Хоббит долго разглядывал бабочек, наслаждаясь свежим воздухом. Наконец он отвлекся и услышал вопли гномов, которые в нетерпении буквально скакали под деревом. Бильбо осмотрелся. Лесу не было ни конца ни края. Радость хоббита угасла, он понуро начал спускаться.

   Как я уже говорил, до опушки было уже недалеко. Пораскинув мозгами, Бильбо сообразил бы, что дуб, на который он взобрался, стоит на дне лощины, поэтому разглядеть с него опушку попросту невозможно — вид заслоняют другие деревья. Но ничего подобного хоббиту в голову не пришло.

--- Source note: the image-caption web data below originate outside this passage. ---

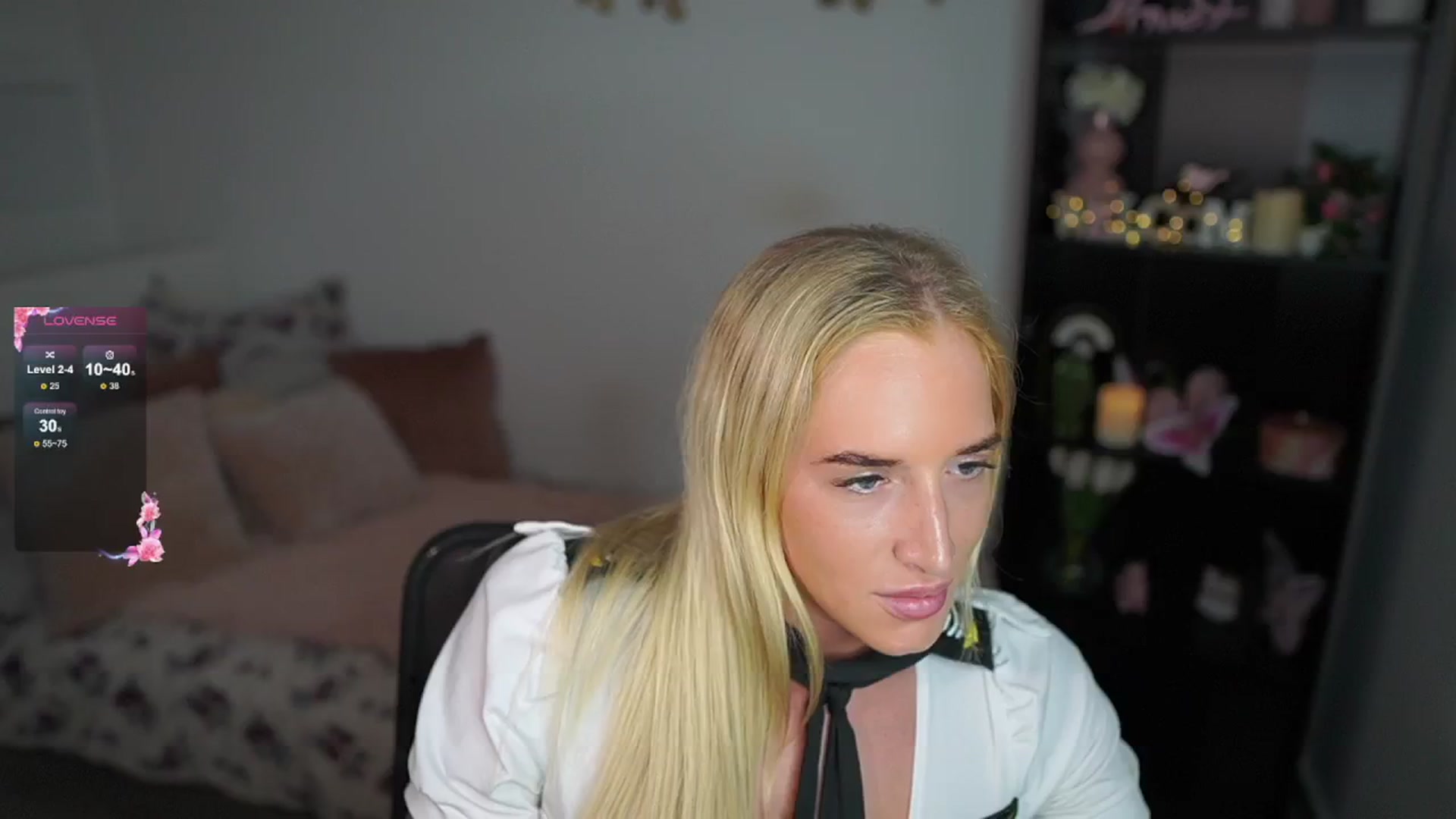 Gallery image thumbnail from NicoletteShea's myfreecams stream on, 07/29/2024, 16:00 image 14 of 20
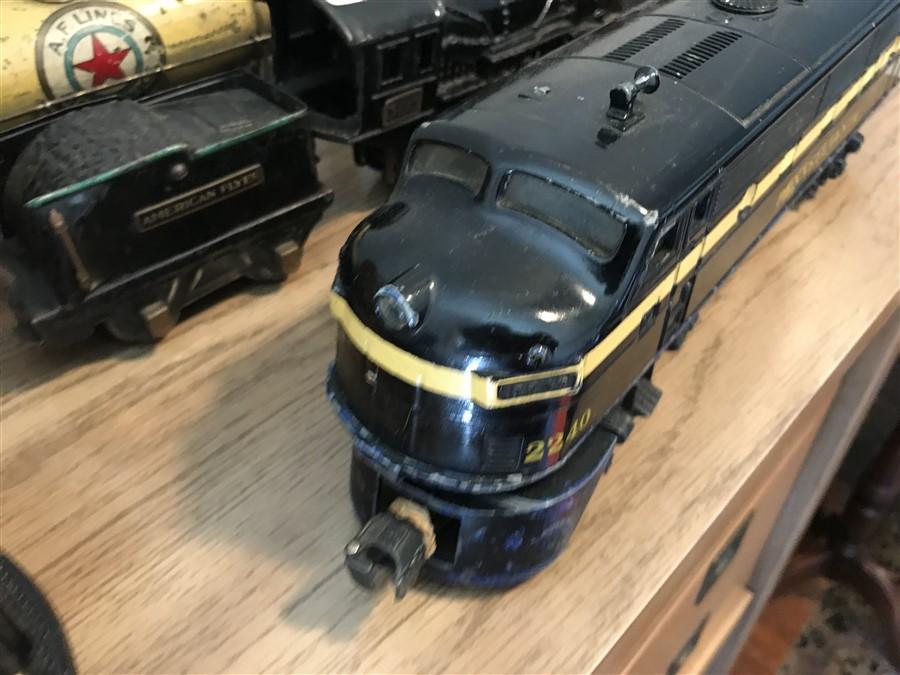 Lionel Pennsylvania Railroad 2240 Engine & Tender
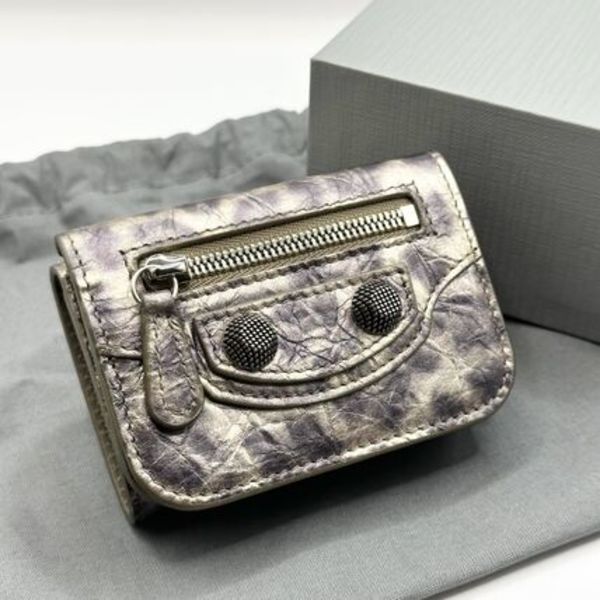 【新品未使用】BALENCIAGA バレンシアガ  三つ折り 財布 本革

   Весь исцарапанный, мокрый от пота и несчастный, он рассказал гномам о том, что увидел.

   — Кругом лес! Что же нам делать? — восклицали они в отчаянии. — Вот и посылай хоббита на разведку! — Можно подумать, в том, что лес никак не кончается, виноват был не кто иной, как Бильбо. Бабочки гномов не заинтересовали, а когда хоббит упомянул о свежем ветерке, его спутники обозлились пуще прежнего — ведь сами взобраться на макушку дерева они никак не могли (слишком уж тяжелыми были).